## Data to use
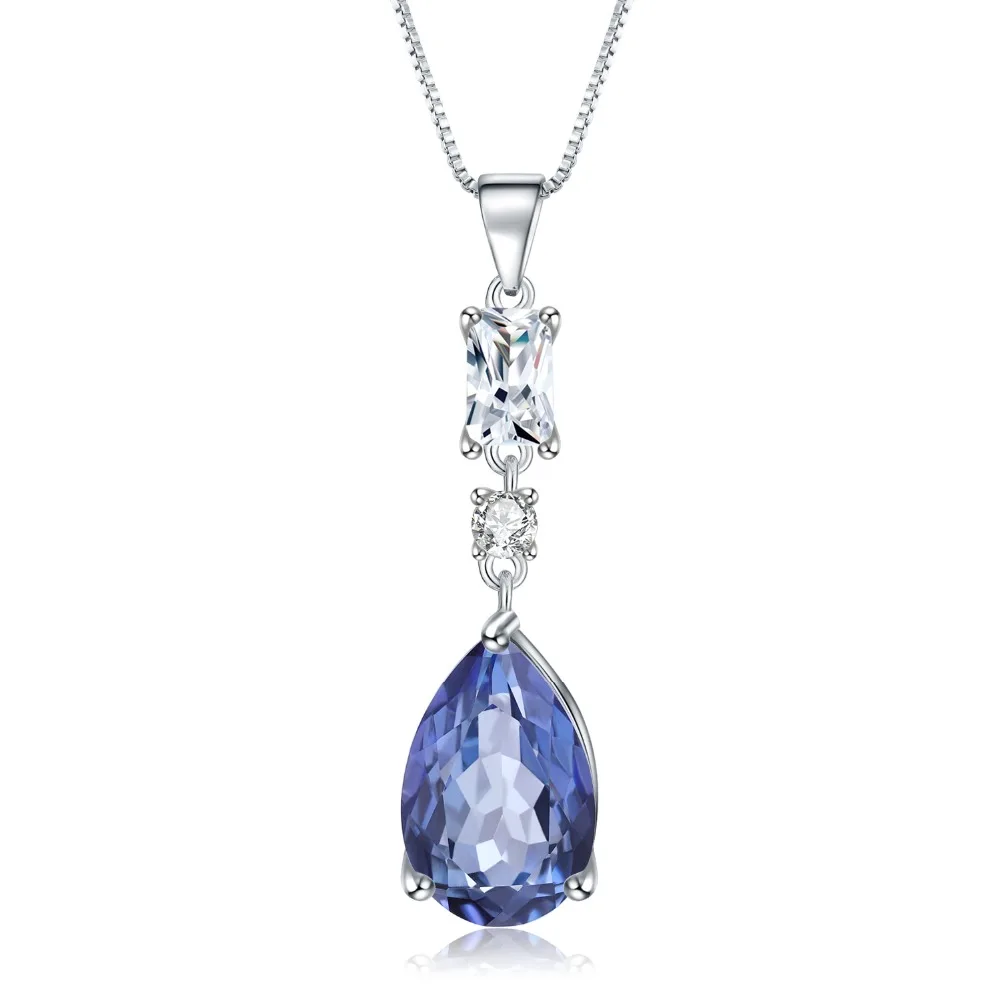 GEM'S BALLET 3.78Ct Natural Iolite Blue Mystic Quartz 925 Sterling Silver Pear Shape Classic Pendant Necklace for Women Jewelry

---

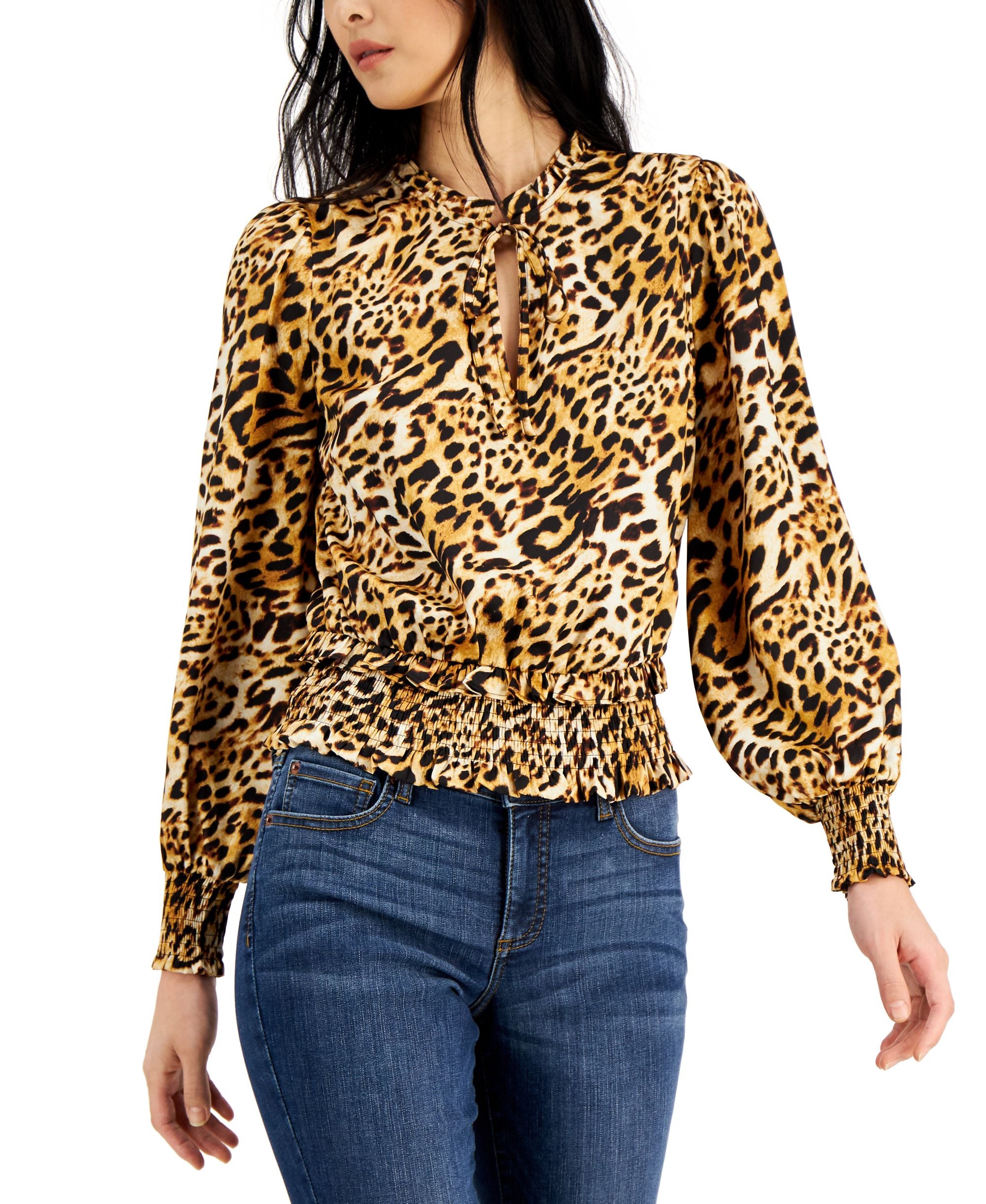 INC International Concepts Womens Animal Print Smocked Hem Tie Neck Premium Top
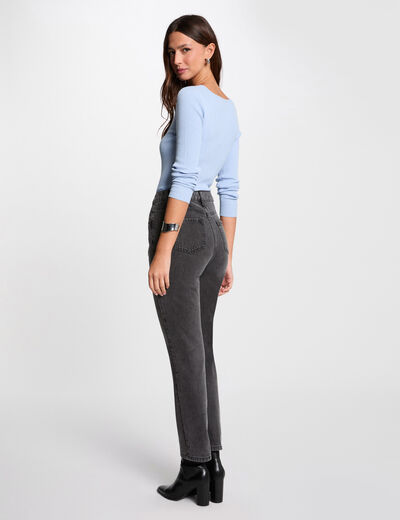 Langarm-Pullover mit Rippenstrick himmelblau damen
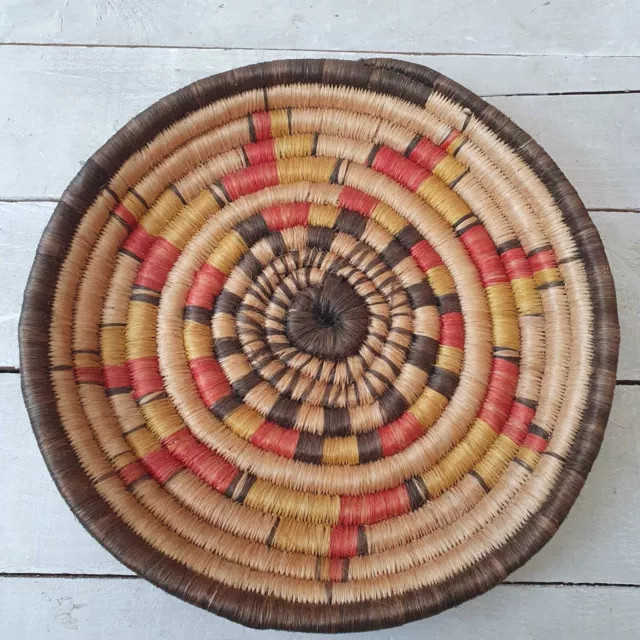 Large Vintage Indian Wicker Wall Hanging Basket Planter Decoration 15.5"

==

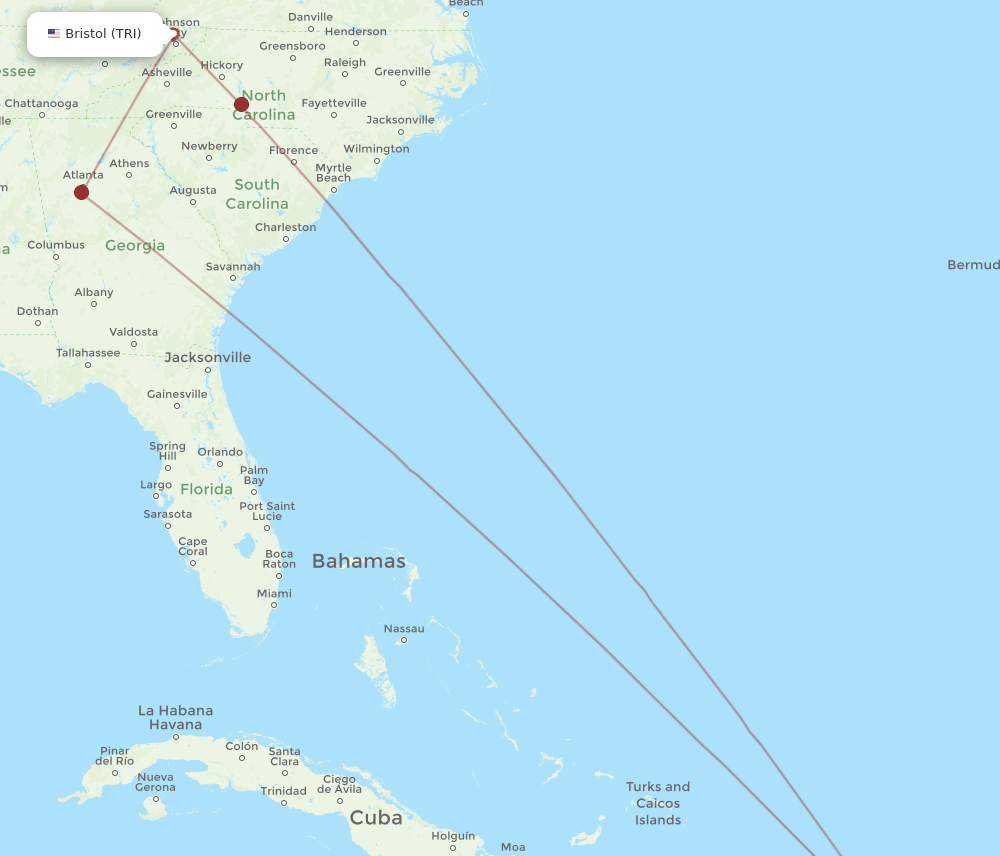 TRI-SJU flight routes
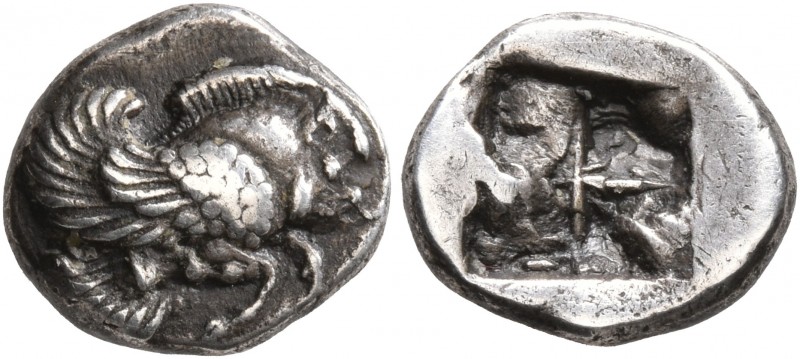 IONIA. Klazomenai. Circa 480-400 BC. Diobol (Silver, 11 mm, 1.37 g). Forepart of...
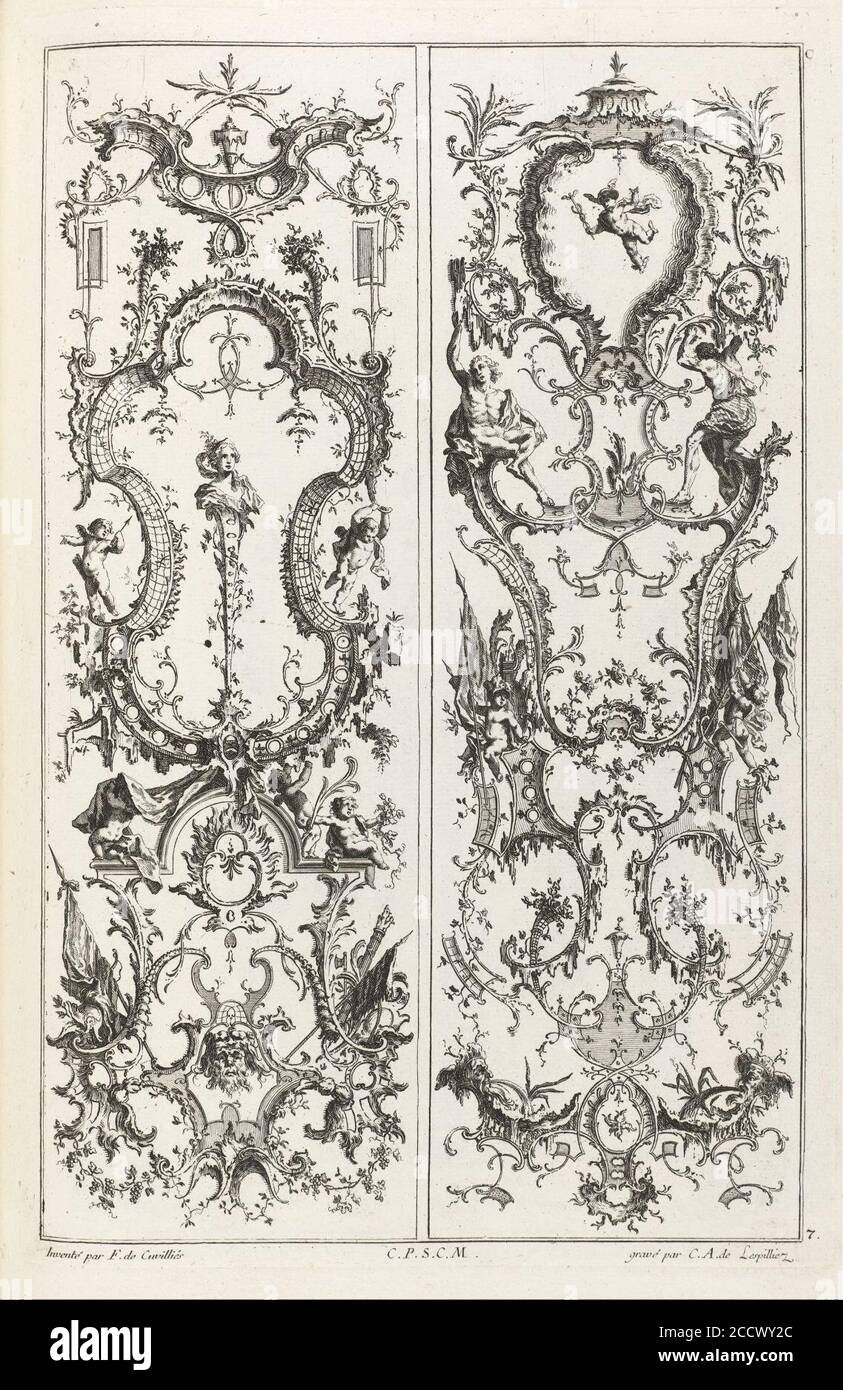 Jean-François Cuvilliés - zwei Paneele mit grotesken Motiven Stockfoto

## Task goal
Exact copy, pictures excluded: every line above from the one containing "IONIA. Klazomenai. Circa" to the one containing "Jean-François Cuvilliés - zwei", inclusive, and nothing more.

## Response below
 IONIA. Klazomenai. Circa 480-400 BC. Diobol (Silver, 11 mm, 1.37 g). Forepart of...
 Jean-François Cuvilliés - zwei Paneele mit grotesken Motiven Stockfoto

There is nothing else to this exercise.